Kafka Schema Registry & Avro: Spring Boot Demo (2 of 2)

Lydtech
Kafka Schema Registry & Avro: Spring Boot Demo (2 of 2)

Introduction

This is the second part of the in-depth look at the Kafka Schema Registry & Avro Spring Boot demo application. Part one provided an overview of the application and covered the process flow as an Avro serialized message is consumed and deserialized by the application, and a resulting outbound message is serialized using Avro and produced to Kafka. In this part the project structure and implementation are covered in detail.

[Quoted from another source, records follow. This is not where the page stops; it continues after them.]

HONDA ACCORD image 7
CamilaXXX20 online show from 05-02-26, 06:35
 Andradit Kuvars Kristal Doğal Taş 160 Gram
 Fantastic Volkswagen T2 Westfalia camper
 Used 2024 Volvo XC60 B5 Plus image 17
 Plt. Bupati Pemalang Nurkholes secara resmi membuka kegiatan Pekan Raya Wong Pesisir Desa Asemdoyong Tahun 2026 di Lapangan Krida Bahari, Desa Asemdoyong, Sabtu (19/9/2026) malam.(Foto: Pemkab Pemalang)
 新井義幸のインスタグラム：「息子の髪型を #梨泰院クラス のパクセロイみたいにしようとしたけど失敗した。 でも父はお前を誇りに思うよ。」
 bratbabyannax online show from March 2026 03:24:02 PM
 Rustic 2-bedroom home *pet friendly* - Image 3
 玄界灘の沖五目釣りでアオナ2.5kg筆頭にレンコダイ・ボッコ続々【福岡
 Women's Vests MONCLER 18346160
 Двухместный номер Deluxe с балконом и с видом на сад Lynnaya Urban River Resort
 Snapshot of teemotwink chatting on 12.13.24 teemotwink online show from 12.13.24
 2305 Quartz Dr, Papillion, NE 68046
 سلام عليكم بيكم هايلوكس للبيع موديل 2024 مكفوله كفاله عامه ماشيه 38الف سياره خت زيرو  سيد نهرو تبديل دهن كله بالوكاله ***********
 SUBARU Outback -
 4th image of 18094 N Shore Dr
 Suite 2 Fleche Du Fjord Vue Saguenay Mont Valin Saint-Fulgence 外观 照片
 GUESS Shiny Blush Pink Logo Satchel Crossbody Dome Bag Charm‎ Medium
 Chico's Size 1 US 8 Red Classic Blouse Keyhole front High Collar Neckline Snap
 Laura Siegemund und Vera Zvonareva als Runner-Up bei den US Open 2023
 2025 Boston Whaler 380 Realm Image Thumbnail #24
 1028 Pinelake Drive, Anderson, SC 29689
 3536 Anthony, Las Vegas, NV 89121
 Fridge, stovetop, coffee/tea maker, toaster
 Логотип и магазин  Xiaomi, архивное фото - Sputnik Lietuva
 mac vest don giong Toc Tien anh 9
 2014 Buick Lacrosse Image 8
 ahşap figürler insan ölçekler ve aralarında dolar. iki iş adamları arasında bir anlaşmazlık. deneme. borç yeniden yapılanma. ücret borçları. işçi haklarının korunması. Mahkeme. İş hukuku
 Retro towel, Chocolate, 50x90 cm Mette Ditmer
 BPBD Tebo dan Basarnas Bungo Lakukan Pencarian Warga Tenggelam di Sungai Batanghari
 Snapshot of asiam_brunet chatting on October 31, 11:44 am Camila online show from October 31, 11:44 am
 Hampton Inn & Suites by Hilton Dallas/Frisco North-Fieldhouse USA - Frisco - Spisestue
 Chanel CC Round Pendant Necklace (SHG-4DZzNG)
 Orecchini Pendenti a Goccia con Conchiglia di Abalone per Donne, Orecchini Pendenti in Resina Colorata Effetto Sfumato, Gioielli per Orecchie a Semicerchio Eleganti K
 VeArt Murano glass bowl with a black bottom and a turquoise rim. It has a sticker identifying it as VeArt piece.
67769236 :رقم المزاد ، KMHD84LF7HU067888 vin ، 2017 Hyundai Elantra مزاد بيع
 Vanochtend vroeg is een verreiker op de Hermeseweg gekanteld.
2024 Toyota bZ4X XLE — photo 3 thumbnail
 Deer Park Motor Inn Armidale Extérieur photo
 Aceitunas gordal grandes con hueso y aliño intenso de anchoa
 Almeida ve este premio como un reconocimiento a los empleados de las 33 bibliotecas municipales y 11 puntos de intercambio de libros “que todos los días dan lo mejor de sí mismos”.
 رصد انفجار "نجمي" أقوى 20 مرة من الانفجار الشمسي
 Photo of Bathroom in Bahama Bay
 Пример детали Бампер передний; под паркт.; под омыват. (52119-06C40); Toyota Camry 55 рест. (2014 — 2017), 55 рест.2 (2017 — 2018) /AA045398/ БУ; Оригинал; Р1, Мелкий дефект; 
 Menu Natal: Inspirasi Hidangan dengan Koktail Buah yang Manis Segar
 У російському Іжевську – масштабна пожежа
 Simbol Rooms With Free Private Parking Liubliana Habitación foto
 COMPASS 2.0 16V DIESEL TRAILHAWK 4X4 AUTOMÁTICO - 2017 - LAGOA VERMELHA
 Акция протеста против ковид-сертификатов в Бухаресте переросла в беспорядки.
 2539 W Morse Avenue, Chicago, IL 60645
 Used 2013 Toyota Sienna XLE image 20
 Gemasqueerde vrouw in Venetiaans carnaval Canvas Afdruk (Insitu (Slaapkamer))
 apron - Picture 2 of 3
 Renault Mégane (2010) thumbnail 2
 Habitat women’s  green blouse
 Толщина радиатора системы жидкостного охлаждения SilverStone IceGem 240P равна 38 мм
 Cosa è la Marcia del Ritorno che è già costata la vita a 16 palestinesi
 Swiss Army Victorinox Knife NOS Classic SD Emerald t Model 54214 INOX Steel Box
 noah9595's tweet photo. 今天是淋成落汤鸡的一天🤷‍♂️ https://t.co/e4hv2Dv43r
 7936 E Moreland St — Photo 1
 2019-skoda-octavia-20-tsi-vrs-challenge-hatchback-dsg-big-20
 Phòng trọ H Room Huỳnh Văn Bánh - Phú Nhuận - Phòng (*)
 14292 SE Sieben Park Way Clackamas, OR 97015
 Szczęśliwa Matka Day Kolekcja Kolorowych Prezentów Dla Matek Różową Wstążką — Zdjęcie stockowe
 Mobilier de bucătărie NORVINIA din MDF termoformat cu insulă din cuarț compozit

The source code for the Spring Boot demo is available here:

https://github.com/lydtechconsulting/kafka-schema-registry-avro/tree/v1.0.0

Project Structure

The project is structured as a multi-module maven project, with the following modules:

  • avro-schema: contains the Avro message schema definitions
  • schema-registry-demo-service: the Spring Boot application
  • component-test: the component tests

Separating these into their own modules ensures a clean separation of concerns. The Avro generated classes are therefore built into a jar and pulled in as a dependency to the service. The component tests meanwhile treat the application as a black box, also pulling in the Avro generated classes in order to construct and send the events (and consume the responses), but does not use any artifacts from the service itself. If the component tests lived within the service module there is a risk that a class can accidentally be used, breaking the clean separation.

The parent pom declares these modules, so building the project from the root builds each module in turn.

Avro Event Schemas

The Avro event schemas are defined as JSON in .avsc files, and located below the resources directory.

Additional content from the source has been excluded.